The battle lines were simply frozen and future fighting, unless a socialist alternative to unite the people could be built, was inevitable. Now the voluntary unity of the devastated. Just to recover from the destruction since the Israeli invasion would require a 20% growth rate over the three years until 1985. The poverty and therefore discontent of the Muslims, but also of the poor Christian Arabs, will continue.

In the last analysis the power of any state is exerted through its “armed bodies of men”. The official Lebanese army with its Christian Phalange officer corps can now control only 10% of the country, and this is only with the assistance of US Imperialism. Even this degree of control is dubious. Their army is largely Muslim in composition and has been prevented from fragmenting only by the fact that the Shia and Druze militias against whom they have been fighting did not call upon their co-religionists to desert. The army’s control of Beirut, especially of the Shia areas of West Beirut, hangs by a thread. Outside this territory Lebanon has already disintegrated into a complicated patchwork of areas controlled by. Druze, Phalange, Sunni, Shia and other militias and by the Israeli and Syrian armies.

Because the superpowers do not want the conflict to escalate further, and because the mood within Israel is against extending the war, it is likely that the outcome of the fighting will be the temporary confirmation of this patchwork. As in 1975-76 when the civil war was not fought out to the finish the battle lines will once again be frozen. Lebanon will be one step closer to disintegration. The survival of any form of central government will be only courtesy of the loud pressures of US gunboats offshore.

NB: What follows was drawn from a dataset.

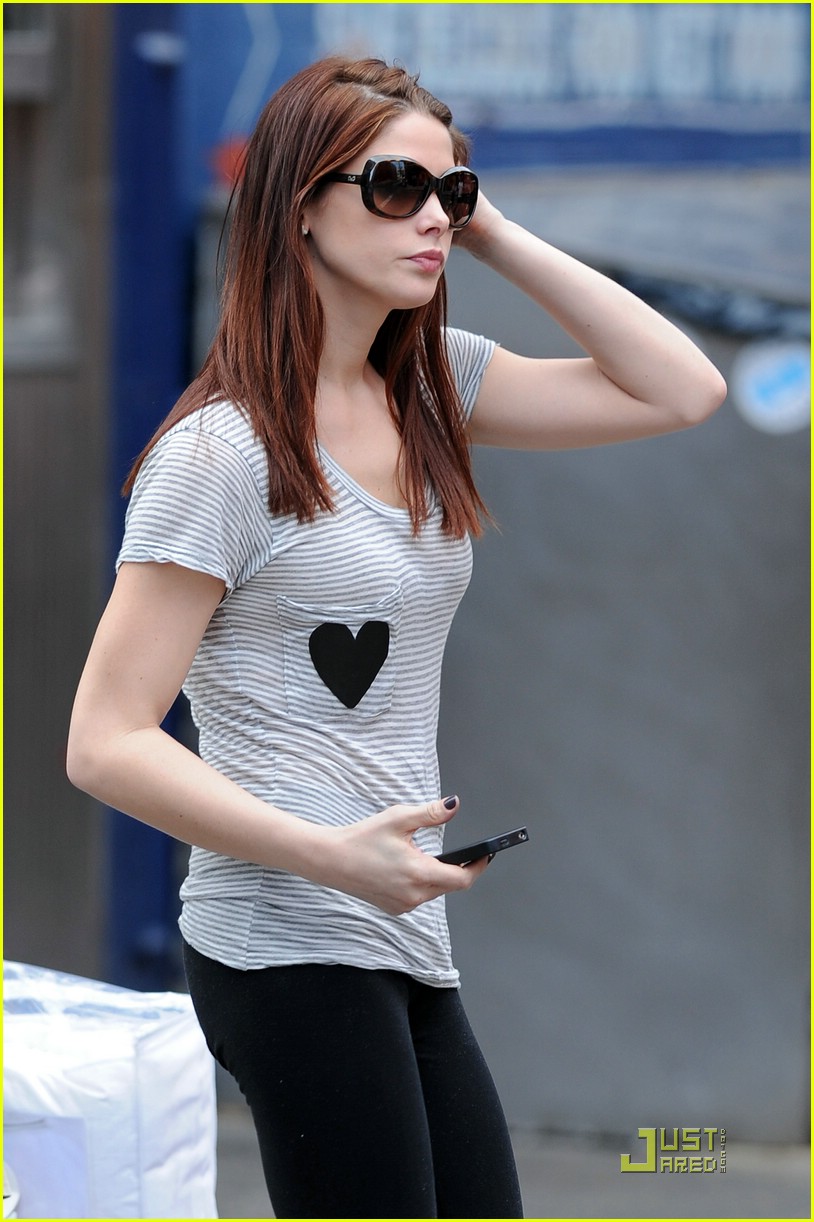 Ashley Greene: Soho Shopping with Dad Joe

Yet this situation could have been averted. Lebanon is a grim reminder to socialists internationally of the potential consequences of failed revolutions. Throughout the Middle East the revolutionary movements of the Arabs have been betrayed time and again by their leaders. In most of these countries, including Syria and Lebanon, the Communist parties at one time had a mass base and had the opportunity to take power. Instead they criminally submerged themselves in treacherous coalitions with national bourgeois forces, or openly supported right wing regimes such as that of the Shah of Iran.

At bottom the fighting in Lebanon stems from the social movements of the poor peasants and the working class. In 1970 a movement of the Muslim population rocked the regime. Again, it was the discontent of the Muslim masses in particular which underlay the civil war of 1975. In each case these movements could not find a class direction. The left wing forces within Lebanon failed to rise above religious sectarianism and present a programme for a socialist Lebanon which could have appealed to all the peoples of the state. The Palestinians both in 1970 and 1975 had the opportunity to forge a close alliance with the downtrodden masses of Lebanon. Instead their leaders attempted to reach a separate agreement with the right wing government, arguing that they were not concerned with the internal affairs of other countries.

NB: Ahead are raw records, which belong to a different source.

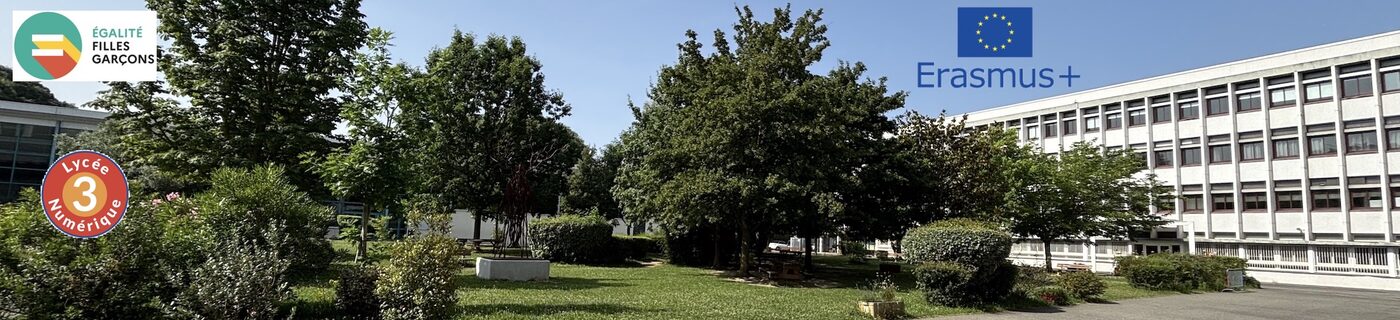 Vision panoramique du lycée avec les 3 labels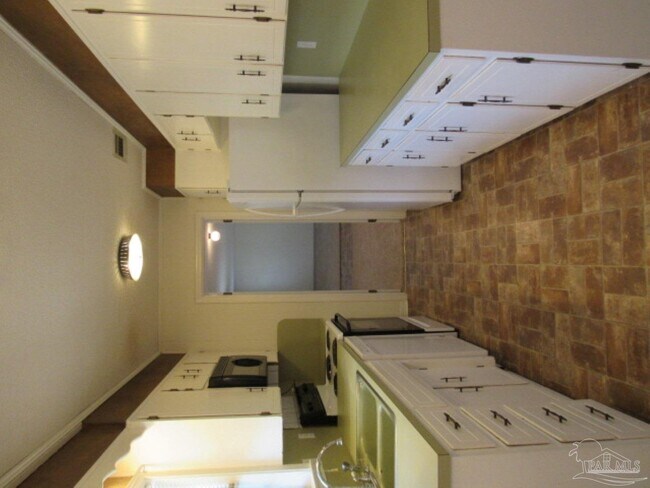 Building Photo - 4237 Futura Dr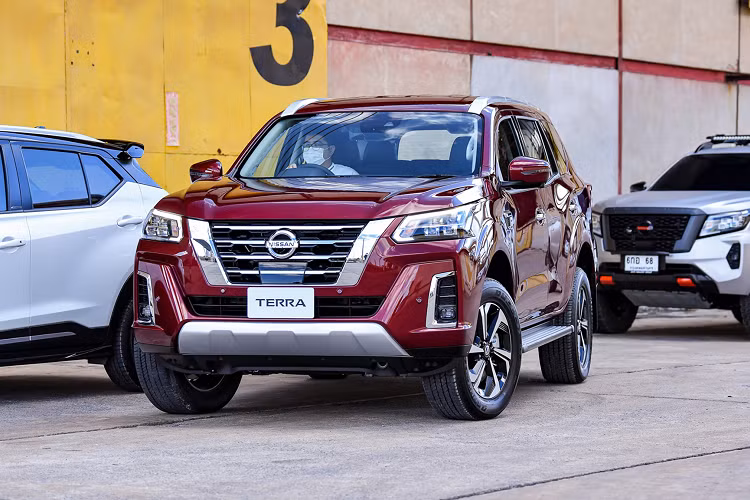 Can canh Nissan Terra 2021 cao cap 1,025 ty dong sap ve Viet Nam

Only on a socialist basis can there be a genuinely united Lebanon, can there be peace in this region and can there be an answer to the problem of a homeland for the Palestinians. Within the Middle East, including the Lebanon, there is widespread discontent and opposition to the right wing rulers. In Israel there have recently been widespread strikes, including the unprecedented strike and hunger strike by the country’s 8,500 doctors.

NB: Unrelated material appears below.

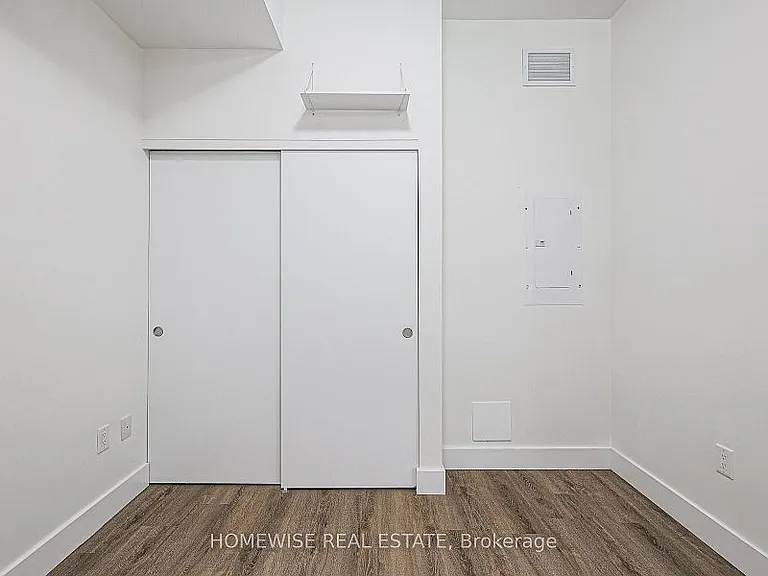 3020 Dundas St W #204 — Photo 10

What is required is the socialist programme and perspective of Marxism which could provide the unifying and cutting edge for this discontent. Despite the setback represented by the Lebanese events there is every potential for the emergence of a unified socialist movement in the region. The alternative offered by capitalism is communal strife, civil war, war and the emergence of Lebanons, all over the Middle East.